As a Spelman College Alumna, I have witnessed first hand the culture of hazing. Life at an HBCU is rich in history and tradition, both good and bad. Though many students publicly decry hazing, countless students willingly participate in, and perpetuate hazing practices; the issue is indeed complex. As the conversation continues to build, we asked our HelloBeautiful HBCU Ambassadors to sound off on how they feel about hazing in 2011. Check out their responses below.

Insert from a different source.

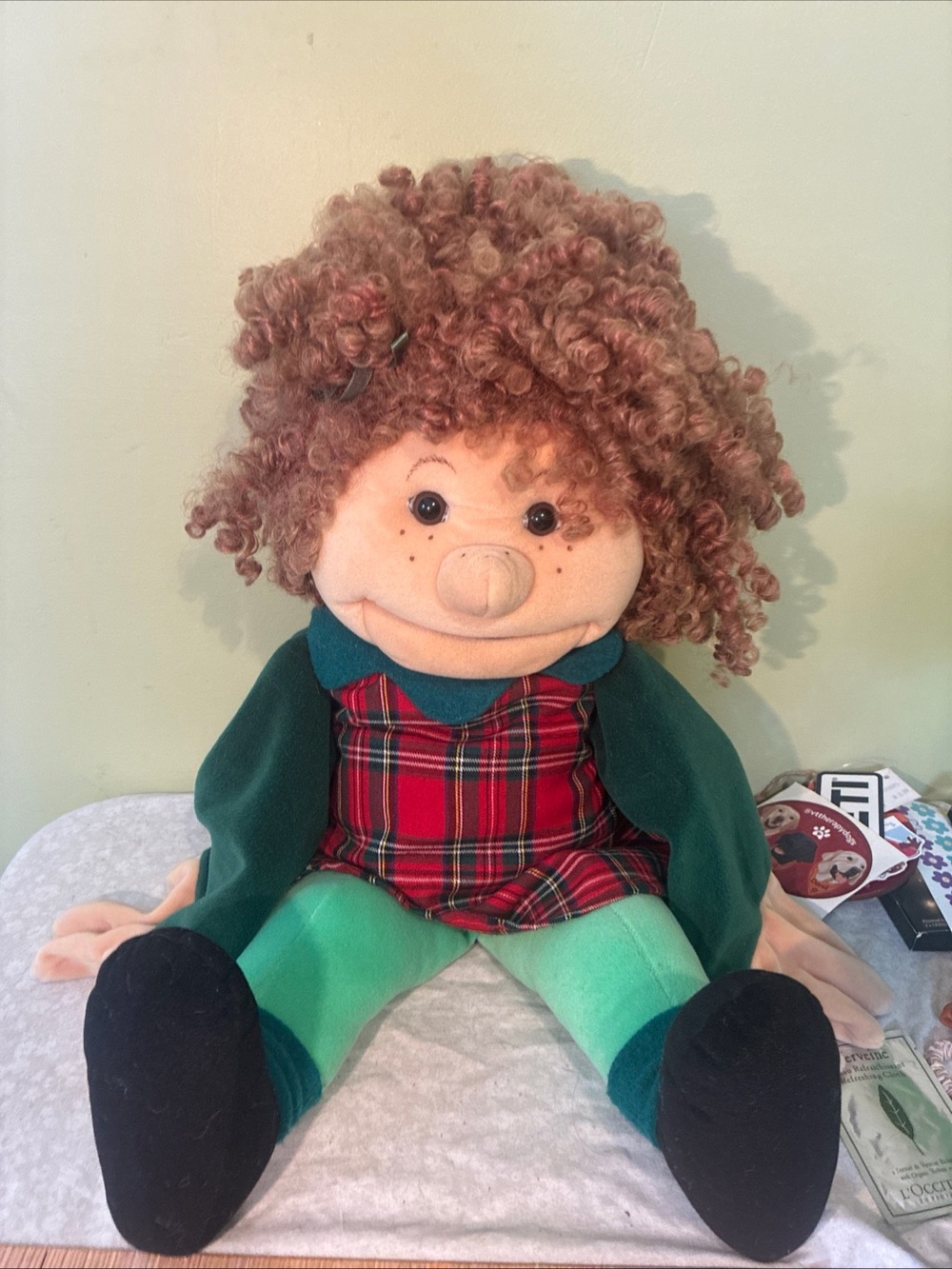 Folkmans Plush puppet hand Doll in Green Outfit with Red Plaid Dress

“I am sad because a mother has lost a son, the Marching 100 has lost a prominent member and Florida A&M has lost a rattler. Then I am angry because of how people are treating the situation. We all want to give our opinions and inputs but at the end of the day a person has lost a life. Then I’m embarrassed because the school I represent and love so much is getting all this attention and not in a positive way. So the question I ask is when is enough; enough.” – Jonesa Rodriguez, Florida A&M University ’13
“The connotations today of hazing are awful, but it does have its benefits and it is supposed to be fun! It is the bonding of sisters and brothers who go through it together. There is no way to totally do away with hazing, but all university students should feel a certain level of security that they are not subject to criminal acts for wanting to be involved an organization.” – Sarafina Wright, Howard University ’15
“Whether it is bullying, degrading, demeaning, verbal, mental, physical or sexual abuse it is ALL wrong and needs to stop. This street code of “Stop Snitching” needs to be changed to “Stop Hazing” period!” – Wannette R. Stevens-Fripp, Winston Salem State University ’13
“Many students that have been hazed sometimes never express or talk about it until something tragic happens. No one should wait until there’s a problem occurring to report that some thing is wrong. There have been many horrific stories about hazing, and yet nothing major has been done to crack down on this illegal act. Have not enough students died and have been traumatized enough to say this is the time to stop? – Lovely Robinson, Bennett College ’14
“I believe that the tasks are tradition and they keep you grounded. You will forever have a bond between yourself and other hazed members, due to your shared experience. It stops people who want to join for the wrong reasons from joining. Many times it makes candidates stronger mentally. If you can submit yourself and work towards a goal now then it shouldn’t be as difficult later in life. However I do believe there is a limit to hazing and I do believe that there should be a meaningful end result to it. If hazing becomes detrimental to the health and well being of candidates I believe it is unnecessary and it becomes gang mentality instead of a challenge that you can overcome.” – Cydney Murray, Texas Southern University ’15
“Hazing fails as an evaluation tool. Its climate captures, at best, personality extremes rather than painting a complete picture. It adds useless rigor; despite demonstrations of strength and cunning, the practice often does not illuminate ideals of the organization or talents of its members. To uphold esteem and attract candidates, rigor needs to be redefined.” – Anaia Peddie, Spelman College ’12
What do you think, does hazing have a purpose?